Sourate 22, Le pèlerinage, 39-41
Ce verset marque un précédent historique et laisse le champ libre au Jihad arméL’Islam autorise donc la guerre mais sous certaines formes et règles qu’il convient d’énumérer.



2. Les règles de la guerre sainte

Très souvent le Jihad a été proclamé à travers les siècles. L’exigence des règles établies par le Prophète (PSL) était si stricte, qu’elles ont rarement été respectées, ou parfois volontairement omises.

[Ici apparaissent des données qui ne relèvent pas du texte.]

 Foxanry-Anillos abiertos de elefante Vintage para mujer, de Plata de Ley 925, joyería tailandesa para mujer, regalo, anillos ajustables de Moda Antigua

Le défunt Ramadan al Bouti, éminent savant écrit dans son ouvrage Le Jihad en Islam : comment le comprendre et comment le pratiquer ? que trois des quatre écoles juridiques sunnites proclament que le jihad est avant tout une résistance contre l’oppression et non pas comme on pourrait le penser une guerre contre la dénégation. Ibn Al Qayyim et At-tabari, deux références du sunnisme, écrivent que toutes les batailles du Prophète Muhhamd (PSL) étaient des batailles défensives, sans exception. L’avis majoritaire de l’Islam sunnite est donc que le Jihad armé est principalement défensif.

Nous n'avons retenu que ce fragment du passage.